Source material below:

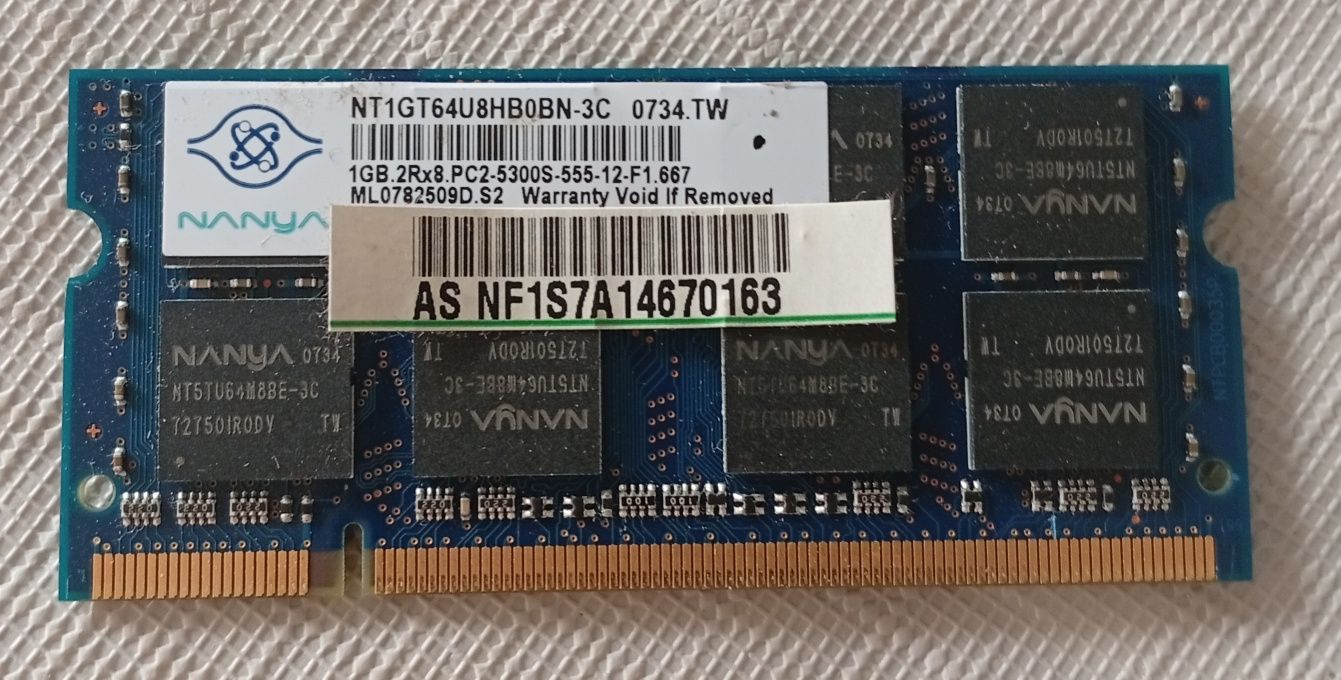 Memórias RAM DDR2 de 1 Gb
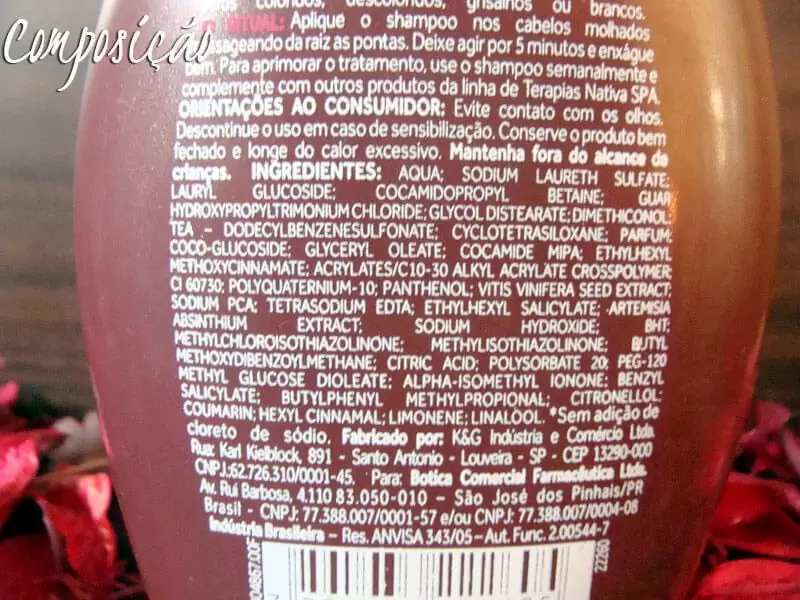 shampoo desamarelador vinoterapia nativa spa o boticário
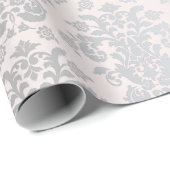 シックモダン美しいシルバーナイトレーダマスクパターン ラッピングペーパー (ロールコーナー)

End of Source material.

== What the exercise asks ==
Only the lines from the one containing "shampoo desamarelador vinoterapia" through the final line of the listing should be reproduced, exactly and with no pictures.

== Exercise solution ==
 shampoo desamarelador vinoterapia nativa spa o boticário
 シックモダン美しいシルバーナイトレーダマスクパターン ラッピングペーパー (ロールコーナー)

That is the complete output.